Esta etiqueta puede incluir tareas shooter clásicas, entrenamiento de puntería, modos de zombis, tiroteos por equipos, episodios survival y retos rápidos en pasillos estrechos. En un juego, el objetivo principal es acertar con la mayor precisión posible; en otro, el jugador debe mantener la posición, ahorrar munición, usar cobertura y cambiar a tiempo la dirección del ataque. En los juegos FPS, incluso un error pequeño puede cambiar el resultado de una ronda.

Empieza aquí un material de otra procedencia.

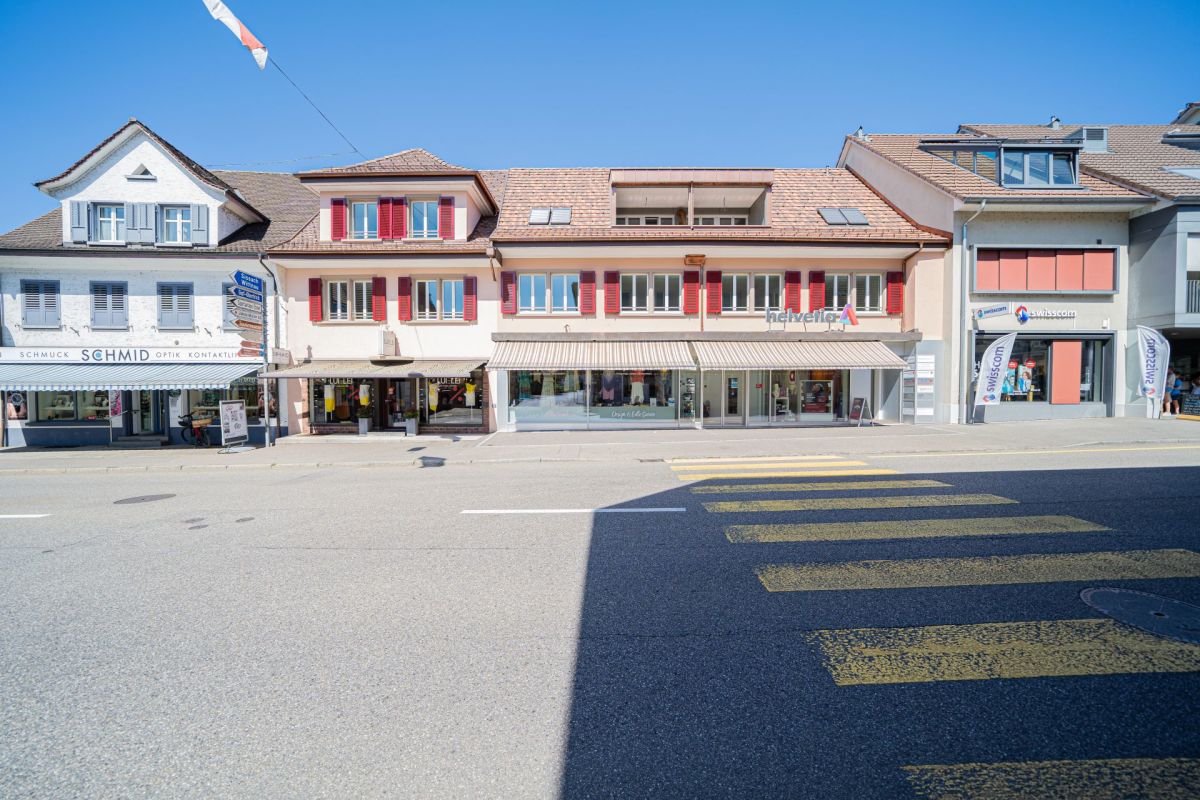 Straßenansicht mit Geschäftshäusern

Un buen juego FPS necesita cámara clara, mira cómoda, controles estables y movimiento enemigo fácil de leer. Si la imagen es demasiado caótica o apuntar se siente retrasado, el juego cansa rápidamente. Para una pausa corta funcionan bien las pruebas simples de puntería y las rondas de arena. Para jugar más tiempo, resultan más interesantes misiones, elección de armas, dificultad gradual y modos que permiten aprender el mapa.